The strawberry guava fruit has a fragrant, luscious pulp with seeds, and it looks and tastes similar to the regular guava fruit.The taste of this sort of guava, on the other hand, is reported to have a strawberry aroma to it and is believed to be less musky in flavor. It may be eaten raw or cooked, and it can also be used to produce puree, juice, jam, or jelly.
Varieties of Strawberry Guava
Despite the fact that you may consider the strawberry guava to be an all-purpose plant that can do it all, you aren’t required to stick to just one species. As a matter of fact, the tropical woods of South America are teeming with a variety of different species from which you may pick or combine to create a rich scene in your tropical garden.
There are many natural variants of this species, despite the fact that there are no documented cultivars of this exact species, including:
- Psidium guajava is a kind of guava that is also known as lemon guava and common guava. This shrub, which grows to a height of 10 to 15 feet and is endemic to the Caribbean and Central America, is a small tree. Although the fruits are equally as luscious as strawberry guava, they are not as hardy or as lush as that fruit.
- Feijoa, also known as Acca sellowiana, is a tropical fruit that is planted both as a decorative plant and for its tart and tasty fruits. It is also known as “pineapple guava” by the locals. Despite the fact that it grows to a height of 12 feet, the tree has a larger spread than the lemon guava. It also produces fruit at a faster rate than the other species in the genus. Hardy plants are those that can withstand frost and cold temperatures for an extended period of time.
- Psidium cattleianum, it’s known by several other names, including strawberry guava, and was named after horticulturalist William Cattley. It’s a popular plant in Hawaii, growing to heights of between 6 and 18 feet when completely mature. It is a favorite of many gardeners in the sunny southern sections of the nation, from Florida to Southern California, because of its white blooms, deep leaves, and sweet-flavored fruits, which are produced in abundance.
How to Grow a Strawberry Guava Tree (with Pictures)
Another benefit of the strawberry guava over the regular guava is that it is often simpler to care for. This tree is more hardy and can withstand more challenging circumstances than the regular guava tree. Despite the fact that it favors a warmer area, the strawberry guava can withstand temperatures as low as 22 degrees Fahrenheit without losing its fruit (-5 C.). It thrives in direct sunlight.
It is not necessary to take soil issues into account while cultivating a strawberry guava tree. It will endure poor soils that other fruit trees would not, particularly limestone soils, which are not ideal for other fruit trees. Having poor soil may necessitate the need for extra watering in order for your tree to produce fruit.

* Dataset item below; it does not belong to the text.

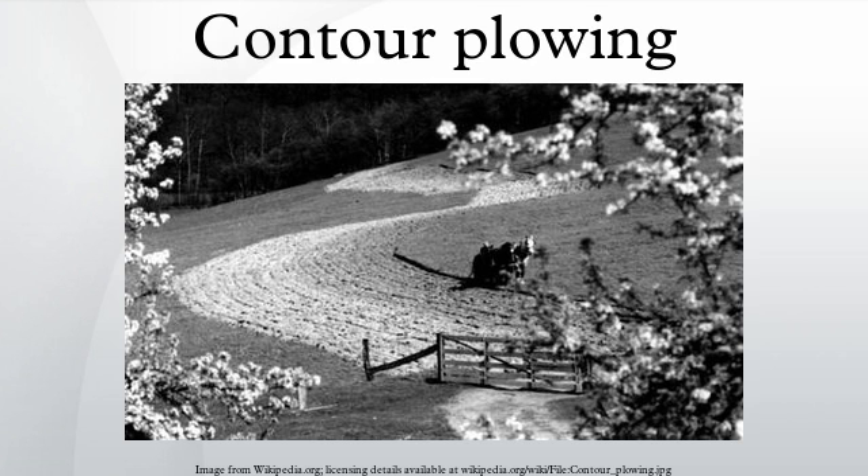A similar practice is contour bunding, where stones are placed around the contours of slopes. Soil erosion prevention practices such as this can drastically decrease negative effects associated with soil erosion such as reduced crop productivity, worsened water quality, lower effective reservoir water levels, flooding, and habitat destruction. Contour farming is considered an active form of sustainable agriculture.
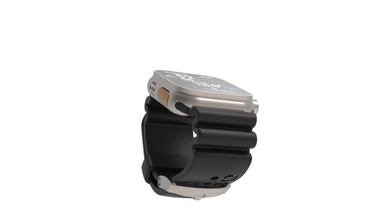Welcome to Oceanic Plus, the world's first dive computer app for your Apple Watch Ultra. In this tutorial, you'll learn how to use your Oceanic Plus app while diving.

Red-fruiting strawberry guava trees are likewise drought hardy, whereas yellow-fruited strawberry guava trees are capable of withstanding brief periods of floodwater. These trees are typically free of pests and diseases, according to industry standards.
The fruit of strawberry guava bushes is delicious, but it is very sensitive. If you are cultivating this tree for the purpose of enjoying the fruits, be sure to utilize them as soon as they are mature. Alternatively, you may purée the fruit and store it in a jar or similar container. Fresh fruit will not survive more than two or three days in the refrigerator.
Strawberry guava has been known to cause problems in certain regions, such as Hawaii, where it is grown. It is usually a good idea to research a plant before planting it in your yard to ensure that it will not become invasive in your local location. This is something that your local extension office can assist you with.